June 24, 2020
Authored by: LaDawn Naegle and R. Randall Wang
On June 23, 2019, both the Division of Corporation Finance and the Office of the Chief Accountant issued additional statements to public companies and their stakeholders about the importance of “high-quality” financial reporting and the need for focused analysis and disclosures in the context of the principles-based disclosure system.
The Division of Corporation Finance issued CF Disclosure Guidance Topic No. 9A, a supplement to Topic No. 9 issued near the close of the first quarter of this year (see our prior blog post on Topic No. 9 here). The new guidance states that the Division is monitoring how companies are addressing COVID-19 related disclosures and encourages public companies to provide meaningful disclosures of the current and expected impact of COVID-19 through the eyes of management. The key topics covered by the guidance are the effects of the pandemic on a company’s operations, liquidity and capital resources; the short and long-term impact of any federal relief received under the CARES Act; and the company’s ability to continue as a going concern.
The staff acknowledges that companies are making many operational changes as a result of the pandemic – from converting to telework to modifying supply chain and customer contracts, and now converting to the return to the workplace and business reopenings. The guidance says that companies need to consider whether any or all of those changes “would be material to an investment or voting decision” and disclose accordingly. The staff takes a similar tack with respect to the myriad financing activities that many companies are taking on. The staff says it has noted that companies are putting disclosures around these activities in press releases, and encourages all companies “to evaluate whether any of the information, in light of its potential materiality, should also be included in MD&A.”
Similar to the format of Topic No. 9, the guidance sets forth dozens of questions for companies to consider as they assess and disclose the evolving impact of COVID-19 on their operations, liquidity and capital resources. These include:
- “What are the material operational challenges that management and the Board of Directors are monitoring and evaluating?”
- “Are your disclosures regarding actions [to access revolving lines of credit or raising capital] and any unused liquidity sources providing investors with a complete discussion of your financial condition and liquidity?”
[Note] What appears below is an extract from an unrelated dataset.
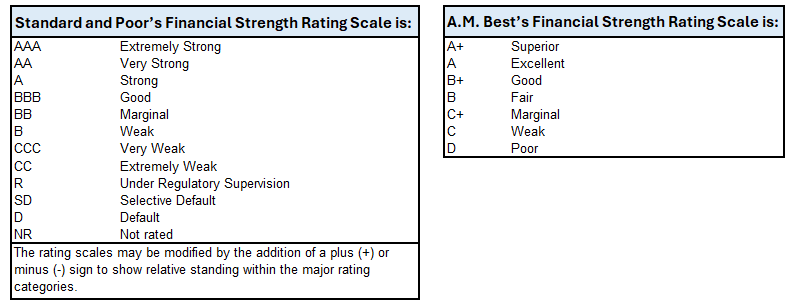 Financial Strength Rating of Mitsui Sumitomo Insurance Company, Limited in summary form.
- “Are you at material risk of not meeting covenants in your credit and other agreements?”
There is also a reminder to assess whether there have been any events since the end of the reporting period that have had or are reasonably likely to have a material impact on liquidity and capital resources and, if so, to address such subsequent events in the financial statements and MD&A.
In a separate section, the staff takes on the issues around disclosure of federal assistance received under the CARES Act. The staff says companies should consider the short-and long-term impact of any such assistance on their financial condition, results of operations, liquidity and capital resources. Questions posed in this section include whether the federal assistance gave rise to new material accounting estimates or judgments – including, for example, the probability that a loan will be forgiven – and whether there were any uncertainties involved which should be disclosed.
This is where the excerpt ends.